Intangiblia™

Fair Use or Foul Play? AI Training, Copyright, and Consent

Leticia Caminero Season 5 Episode 1

Has your creative work been secretly fed to AI systems without your knowledge or consent? Across the creative landscape, from journalism to literature to visual arts, professionals are discovering their life's work has been quietly scraped, processed, and monetized by tech companies building the next generation of AI tools.

We pull back the curtain on what many are calling theft at an unprecedented scale. Meta's controversial harvesting of 81 terabytes from shadow libraries to train their Llama models. OpenAI and Microsoft facing lawsuits from major newspapers whose archives now power competing AI systems. The startling reality that creative works are being absorbed by machines programmed to mimic—and potentially replace—their human creators.

The legal landscape is transforming in response, with dramatically different approaches emerging worldwide.
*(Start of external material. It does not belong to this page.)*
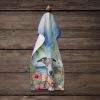 Whippet Luau Kitchen Towel Dish Cloths Guest Hand Towel Decorative Bathroom Towel for Face,Tea, Dishcloth, Kitchen and Bath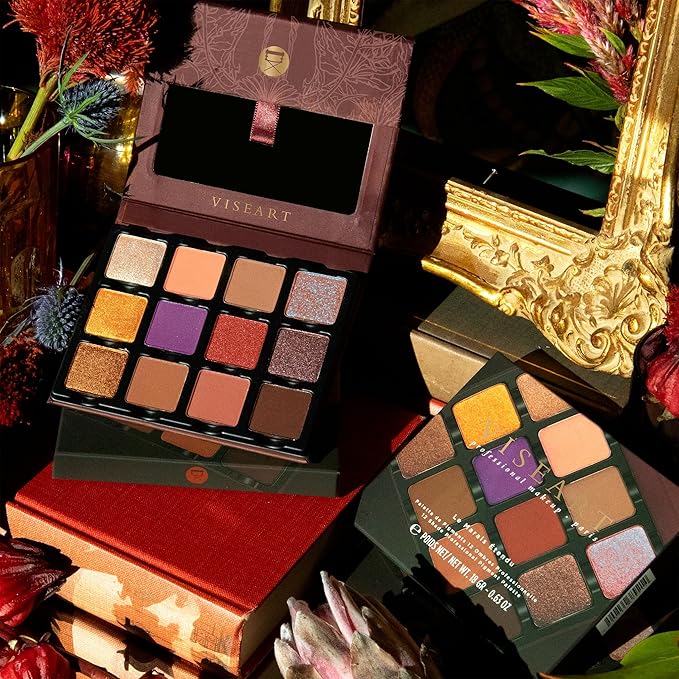 Viseart Paris Etendu Pro Luxe Makeup Palette (Le Marais)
The US Copyright Office questions whether AI training constitutes infringement while the UK proposes an opt-out system that artists condemn as a "default license to steal." Meanwhile, the EU demands transparency about training data, and Australia calls for stronger creator protections. As courts grow skeptical of expansive fair use claims, new models are taking shape: collective licensing systems, creator opt-in platforms, and calls for a global WIPO treaty to harmonize rights across borders.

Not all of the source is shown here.